For this reason, we are experimenting with different ways to present computer results to nurses, allowing corrections where necessary. This means playing around with the order in which the frames are presented (e.g., chronological vs. ordering by classification); how the computer classification is presented (a number, a class, a heat map on the image, etc.); and what kind of actions the nurse can take to correct the result so it can then be fixed in the next training round of the AI.

An example of AI identification of polyps

An example of AI identification of polyps (Figure 8 from this paper).

The goal is to use the Wolfram dynamic interactivity language to build a tool that allows users to slowly build experience in such a way that they start trusting AI results more and more—in particular, the parts of the video where a computer indicates no risk factors. If a few frames are unjustly highlighted as polyps because it’s a little overcautious, it’s not much work to correct the result manually. On the other hand, if the AI tells the user that 99% of the video is free of polyps and the user doesn’t trust that verdict, they will still check the entire video and the addition of an AI to the process will not have saved much time at all.

Current version of the interface

Current version of the interface. Images can be navigated vertically by classification and horizontally by chronological ordering. The frame border indicates the AI classification (from green to red), while the inner coloring between frame and image shows the human verdict (white if unrated).

The Work Ahead

In complex tasks like polyp detection, computers cannot provide completely authoritative computations like the digits of π; their role is closer to that of a second opinion from another specialist.
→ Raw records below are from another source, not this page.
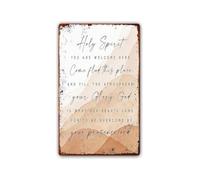 Rustic Metal Sign Holy You Are Welcome Here Worship Song Lyric Art Wall Decor Vintage Tin Poster Prayer Room Living Room 8 X 12 inch
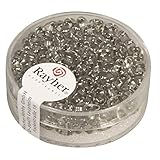 Inhalt: 14 g Rayher 14619572 Twin-Rocailles m. Doppelloch, 2,5x5mm, transp.m. Farbeinzug, Dose 14g, anthrazit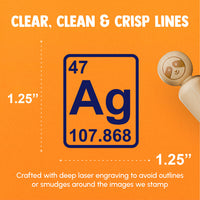 Silver Periodic Table of Elements Science Chemistry Rubber Stamp for Stamping Crafting Planners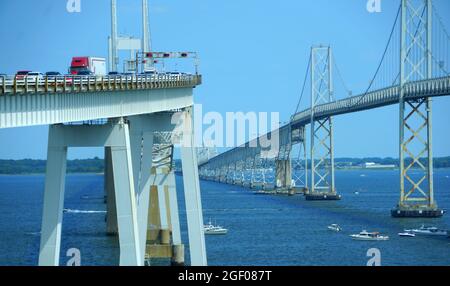 Maryland, USA - 15. August 2021 - Blick auf die Route 301 auf der Harry W Nice Memorial Bridge im Sommer Stockfoto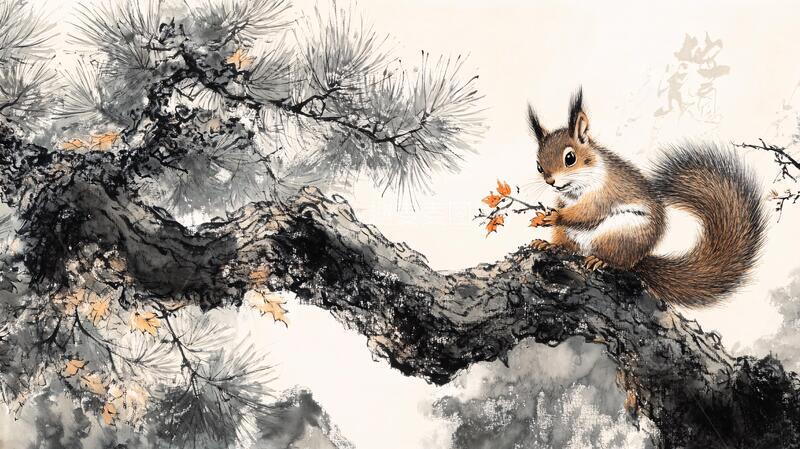 高清大图下载【趣麦麦图】松鼠手绘图片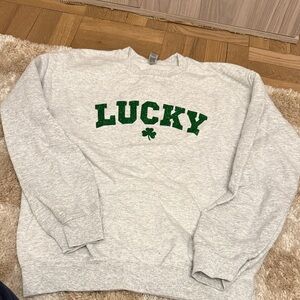 Gildan Gray Sweatshirt with Green Lucky Print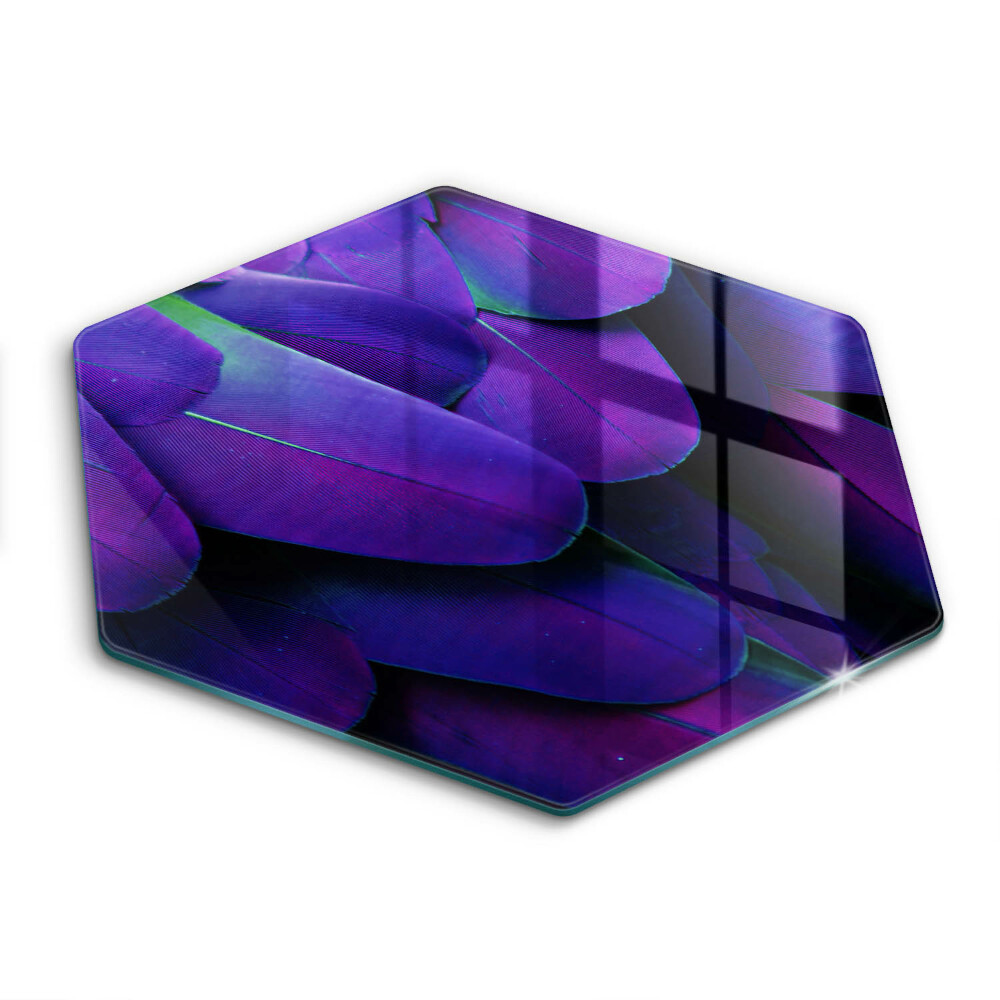 Tocător sticlă hexagonal Pene neon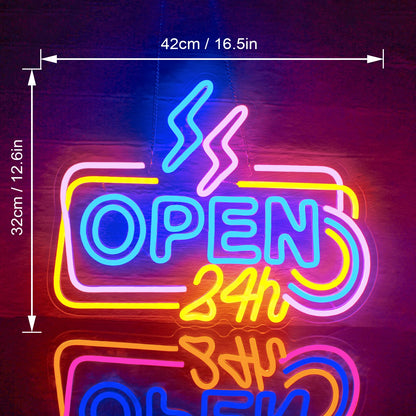 24 Hours Open 5V USB LED Neon Sign - Budget Friendly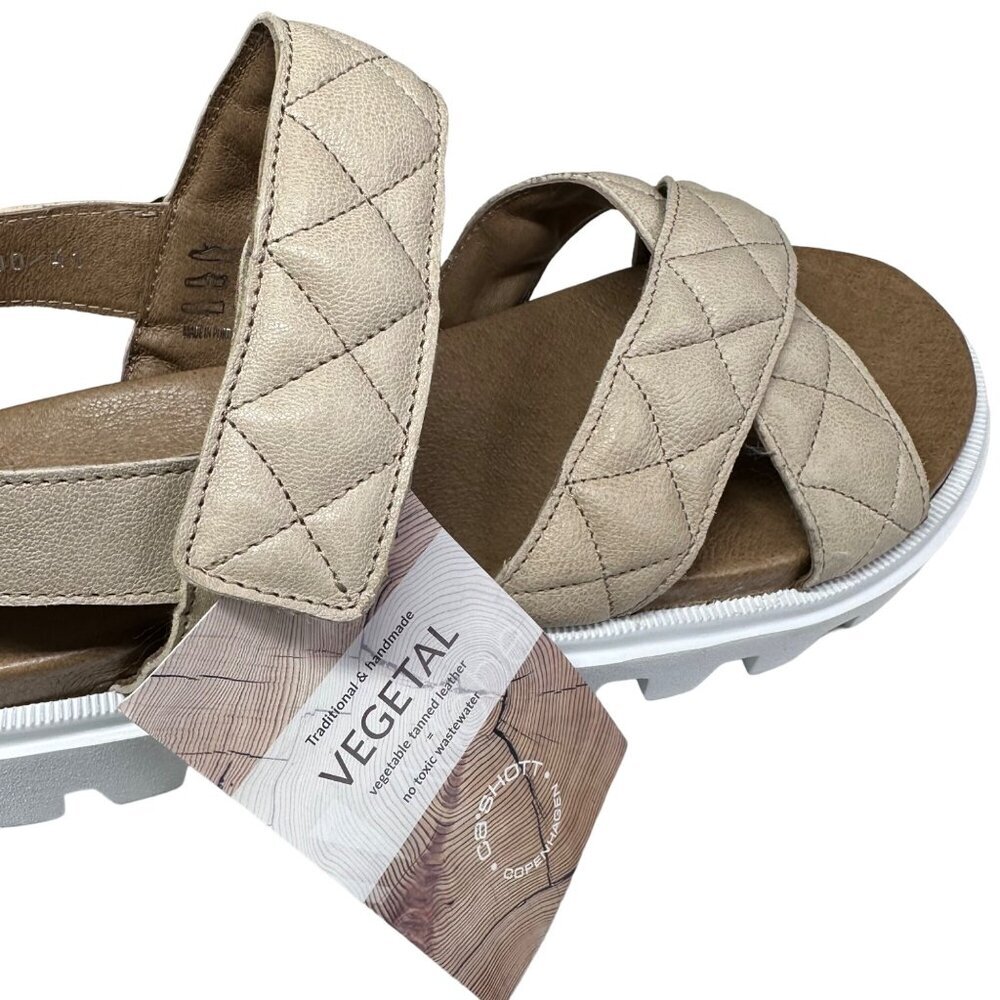 Ca'Shott‎ Sandals Leather Made in Portugal Chunky Caalison Beige NIB - Picture 9 of 16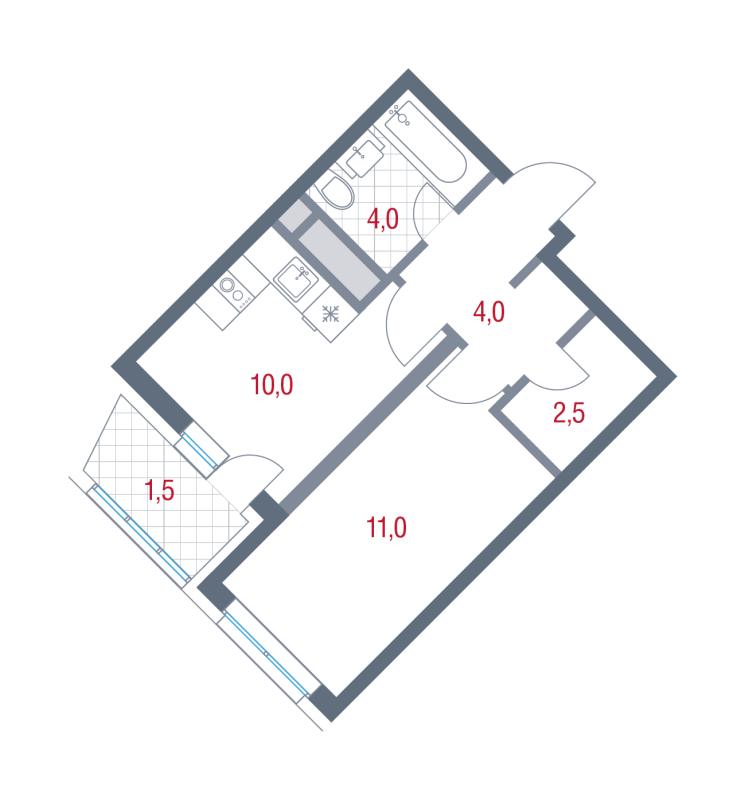 1 ккв 33 м²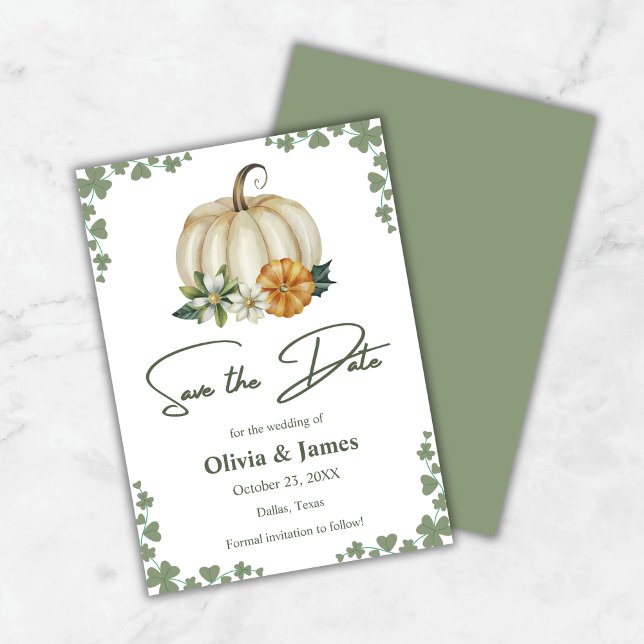 Reserva La Fecha Boda de Otoño Calabaza Verde Sage Enamórate   (Fall in Love Pumpkin Sage Green Wedding Save The Date Card )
Unlike other specialists, though, we cannot directly communicate with a computer and ask it why it made a certain decision. The computer is a sort of “silent expert,” if you will. While the technology is promising, it is still a work in progress with questions yet to be explored. The best we can do is to interrogate the internals of the neural network to try and understand how it works, making it important to think carefully about how this silent expert is incorporated into a decision-making process that ultimately affects people’s lives.